Plenty of fixed income exchange traded funds have been spending ample time in the limelight, but with inflation subdued in the eyes of some, the same praise has not been given to Treasury Inflation Protected Securities (TIPS) ETFs, including the iShares TIPS Bond ETF (NYSEArca: TIP), making TIPS a contrarian idea.
If the yield curve steepens, every fixed-income asset will see higher rates but longer dated bonds will see yields rise the most, suggesting that the economy is quickly heating up. That would make ETFs like TIP more attractive to fixed income investors.
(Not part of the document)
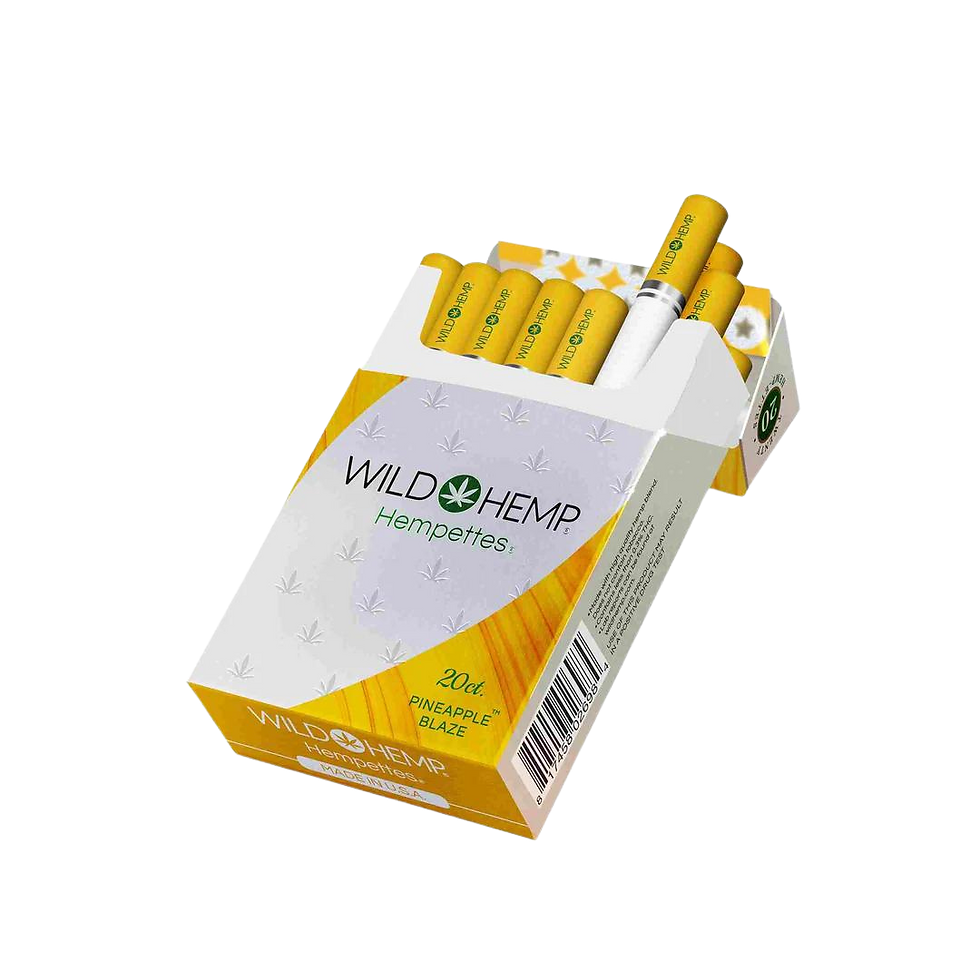 wild hemp pineapple CBD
Last year’s sudden plunge in oil prices has helped keep prices low, but the Fed believes the drop in oil prices will only be short-term. However, the stronger dollar is a dominant factor in keeping commodity prices depressed.
Some investors are actually bullish on TIPS at the moment.
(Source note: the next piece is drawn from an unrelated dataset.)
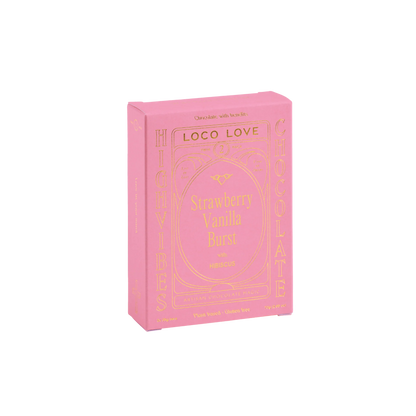 Loco Love Strawberry Vanilla Burst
“We have upgraded our view of TIPS to favorable as breakeven inflation rates have fallen to extremely low levels. At current valuations, we believe that TIPS offer an affordable hedge against unexpected inflation with minimal downside risk. While we are not expecting a near-term increase in inflation, the Consumer Price Index (CPI) may rise in future months as the impact from a decline in energy prices begins to dissipate over time,” said the Wells Fargo Investment Institute in a note posted by Amey Stone of Barron’s.